By Jason Hines –
In Luke chapter 20, Jesus recounts an interesting parable. In it a man plants a vineyard and rents it out to husbandmen before going on a long journey. At the time of harvest he sends servants to collect from the husbandmen. Instead of giving the landlord what is rightfully his, they beat the servant and send him back. Each servant who comes to collect is beaten. Finally, the man sends his son, thinking that they will treat the son with respect. They do just the opposite and kill the son of the man.
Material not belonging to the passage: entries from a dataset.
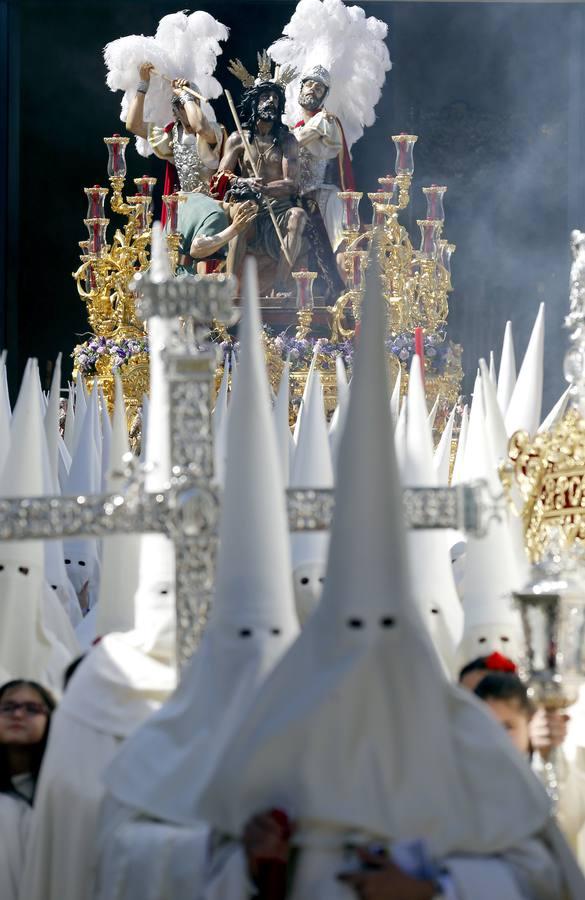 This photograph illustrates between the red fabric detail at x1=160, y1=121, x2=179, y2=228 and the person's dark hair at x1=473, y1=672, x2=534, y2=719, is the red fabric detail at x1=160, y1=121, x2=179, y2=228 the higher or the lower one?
the higher one

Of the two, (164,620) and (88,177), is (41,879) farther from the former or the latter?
(88,177)

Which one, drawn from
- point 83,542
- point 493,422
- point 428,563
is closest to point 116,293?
point 83,542

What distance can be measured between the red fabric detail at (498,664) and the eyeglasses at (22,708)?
1066 millimetres

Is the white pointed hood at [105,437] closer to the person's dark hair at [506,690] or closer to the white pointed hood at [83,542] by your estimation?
the white pointed hood at [83,542]

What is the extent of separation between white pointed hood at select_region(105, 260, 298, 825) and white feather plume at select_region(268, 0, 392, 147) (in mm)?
13641

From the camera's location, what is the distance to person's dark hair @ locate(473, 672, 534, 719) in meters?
4.04

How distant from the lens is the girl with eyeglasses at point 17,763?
14.1 ft

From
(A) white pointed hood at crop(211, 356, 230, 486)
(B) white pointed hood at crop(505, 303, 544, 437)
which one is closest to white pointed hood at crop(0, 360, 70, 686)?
(A) white pointed hood at crop(211, 356, 230, 486)

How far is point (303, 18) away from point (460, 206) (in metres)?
2.41

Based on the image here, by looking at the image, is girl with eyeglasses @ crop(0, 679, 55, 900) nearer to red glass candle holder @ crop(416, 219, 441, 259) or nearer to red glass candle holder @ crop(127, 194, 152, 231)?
red glass candle holder @ crop(127, 194, 152, 231)

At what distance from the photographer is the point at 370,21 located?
56.2 ft

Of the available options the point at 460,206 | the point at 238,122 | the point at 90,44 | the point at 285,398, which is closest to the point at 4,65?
the point at 90,44

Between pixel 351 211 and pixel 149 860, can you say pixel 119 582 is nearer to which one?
pixel 149 860

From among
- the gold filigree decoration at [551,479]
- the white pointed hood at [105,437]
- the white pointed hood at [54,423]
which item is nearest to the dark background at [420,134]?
the white pointed hood at [105,437] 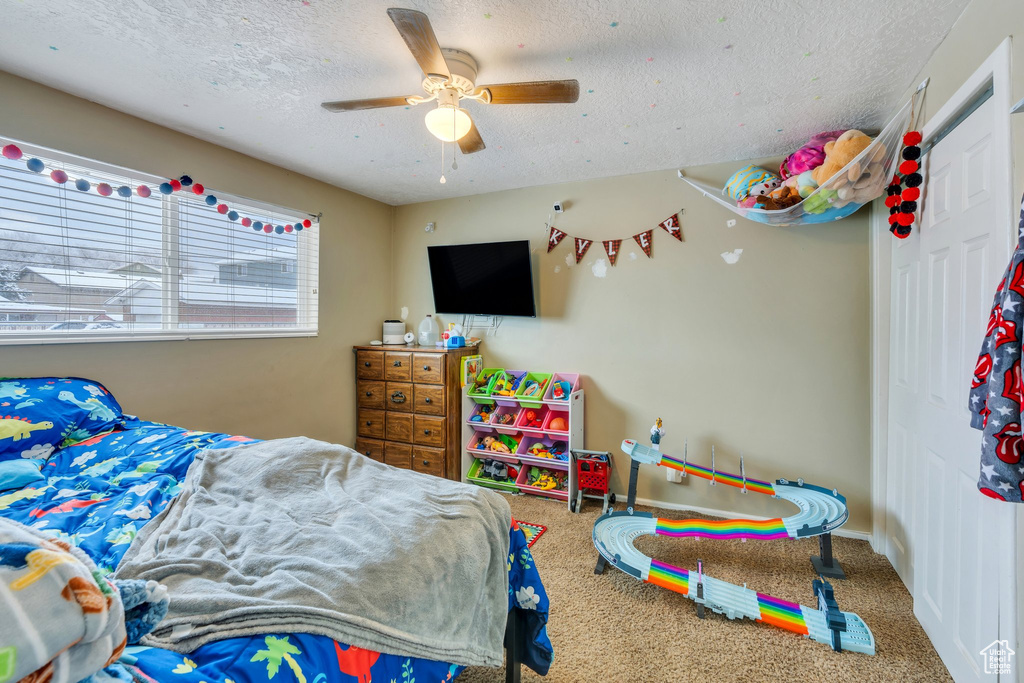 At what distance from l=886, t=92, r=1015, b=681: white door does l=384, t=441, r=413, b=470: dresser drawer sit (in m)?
2.98

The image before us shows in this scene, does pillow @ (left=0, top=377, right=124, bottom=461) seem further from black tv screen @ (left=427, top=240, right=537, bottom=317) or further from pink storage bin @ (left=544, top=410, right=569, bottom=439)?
pink storage bin @ (left=544, top=410, right=569, bottom=439)

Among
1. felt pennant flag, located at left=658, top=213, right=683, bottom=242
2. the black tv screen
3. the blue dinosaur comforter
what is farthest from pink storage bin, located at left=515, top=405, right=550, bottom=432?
the blue dinosaur comforter

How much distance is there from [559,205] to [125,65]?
2474 millimetres

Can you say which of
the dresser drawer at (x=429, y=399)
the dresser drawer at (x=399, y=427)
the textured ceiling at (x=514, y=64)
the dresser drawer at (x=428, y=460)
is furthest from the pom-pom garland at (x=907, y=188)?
the dresser drawer at (x=399, y=427)

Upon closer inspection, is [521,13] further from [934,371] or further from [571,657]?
[571,657]

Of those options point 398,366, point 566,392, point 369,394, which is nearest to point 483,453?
point 566,392

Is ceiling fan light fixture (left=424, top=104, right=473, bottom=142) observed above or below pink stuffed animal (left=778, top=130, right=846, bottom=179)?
below

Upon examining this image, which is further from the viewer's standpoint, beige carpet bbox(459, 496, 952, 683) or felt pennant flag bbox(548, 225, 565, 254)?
felt pennant flag bbox(548, 225, 565, 254)

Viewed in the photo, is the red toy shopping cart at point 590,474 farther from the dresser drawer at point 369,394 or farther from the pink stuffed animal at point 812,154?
the pink stuffed animal at point 812,154

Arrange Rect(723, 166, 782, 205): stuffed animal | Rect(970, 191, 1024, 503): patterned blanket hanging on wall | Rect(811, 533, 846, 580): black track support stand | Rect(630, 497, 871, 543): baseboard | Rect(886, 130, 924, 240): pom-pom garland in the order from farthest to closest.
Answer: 1. Rect(630, 497, 871, 543): baseboard
2. Rect(723, 166, 782, 205): stuffed animal
3. Rect(811, 533, 846, 580): black track support stand
4. Rect(886, 130, 924, 240): pom-pom garland
5. Rect(970, 191, 1024, 503): patterned blanket hanging on wall

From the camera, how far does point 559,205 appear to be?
10.9ft

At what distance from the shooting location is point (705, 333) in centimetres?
295

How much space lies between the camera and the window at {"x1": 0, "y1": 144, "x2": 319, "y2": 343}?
6.61 feet

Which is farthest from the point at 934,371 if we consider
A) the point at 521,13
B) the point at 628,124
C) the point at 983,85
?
the point at 521,13
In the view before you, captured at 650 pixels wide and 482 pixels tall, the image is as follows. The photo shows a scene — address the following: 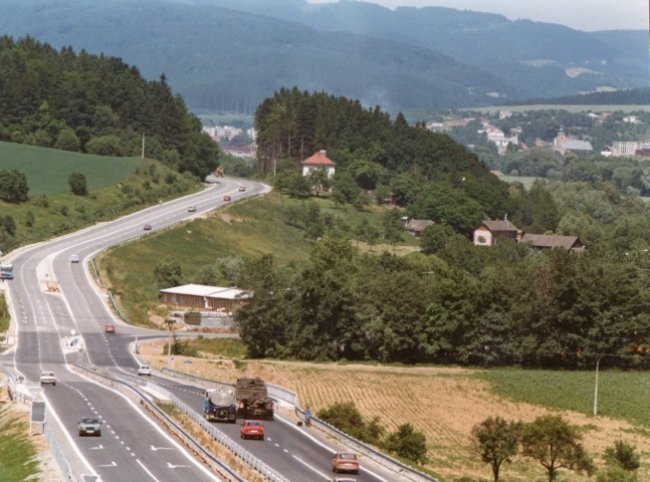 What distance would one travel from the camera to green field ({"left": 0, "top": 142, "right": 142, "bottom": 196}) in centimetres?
16350

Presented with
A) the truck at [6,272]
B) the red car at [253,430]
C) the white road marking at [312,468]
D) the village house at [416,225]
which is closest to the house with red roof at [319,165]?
the village house at [416,225]

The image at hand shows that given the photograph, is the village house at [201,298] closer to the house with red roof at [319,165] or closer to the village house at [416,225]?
the village house at [416,225]

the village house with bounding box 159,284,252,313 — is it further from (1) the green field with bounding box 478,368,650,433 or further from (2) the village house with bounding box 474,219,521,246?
(2) the village house with bounding box 474,219,521,246

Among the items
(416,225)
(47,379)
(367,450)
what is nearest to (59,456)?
(367,450)

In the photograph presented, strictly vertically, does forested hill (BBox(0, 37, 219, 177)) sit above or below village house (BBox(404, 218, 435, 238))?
above

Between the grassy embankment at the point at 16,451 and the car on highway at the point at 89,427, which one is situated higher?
the car on highway at the point at 89,427

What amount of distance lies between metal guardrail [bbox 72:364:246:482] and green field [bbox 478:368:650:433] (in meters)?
21.5

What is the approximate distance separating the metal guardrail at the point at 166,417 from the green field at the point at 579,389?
21.5 m

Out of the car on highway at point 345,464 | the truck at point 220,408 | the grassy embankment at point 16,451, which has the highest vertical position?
the car on highway at point 345,464

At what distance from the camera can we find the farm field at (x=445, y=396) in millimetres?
68562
The application for the original hearers of the parable is clear. The man were God, the husbandmen were those religious and political leaders of Israel throughout history who perverted the goal of Israel as God’s chosen people, the servants were the prophets and the son was Christ. Instead of giving God His due, those misguided spiritual and political leaders attempted to steal the vineyard (the nation) from him and appropriate it for their own corrupt purposes. There is a modern application that I think applies to the subject of religious liberty. I have always found it interesting that Christ’s most pointed critiques fell not on the lowest of the low morally, but instead to the people and leaders of the church. I think that today, as then, there are people who claim to be in league with God but are actually robbing Him of His church and leading people astray. And just as the husbandmen of the parable, they are willing to kill Christ to do it.
But how do you kill Christ? An examination of how it actually happened in the Bible reveals an interesting answer.Matthew 27: 1, 2 describes the process. Christ is first condemned to death by a religious tribunal. He is then sent to the state to have this religious determination ratified and executed. This is the essence of a union of church and state. The church had the moral authority but not the tangible power to condemn Christ to death, and so they turn to the state to legitimize their moral proclamation. We see the same thing happening today. Whether it is moral proclamations on abortion or gay marriage, or the desire to receive government funding for their Christian ministries, there are those among the Christians in this country who are seeking secular authority for their religious proclamations – as the Pharisees did to Christ.
How can we be different? How can we not be like the husbandmen in the parable? How can we keep ourselves from robbing God of His movement, His church? I wish I had a more definitive answer. But the answer I know is the answer we have known all along. We need to have more genuine faith. I believe in the power of God to change lives, without the criminal pressure of government. I believe in the power of God to provide for the ministries of His people, without them having to tie themselves to government. I believe in a God that can do what seems to be impossible to the human mind and the human heart. I believe that if we fully submit to the will of God and if we are willing to trust Him in all things, that we can spark a change in people that can affect the entire world. That is all that faith is and all that it has ever been – the strength to believe.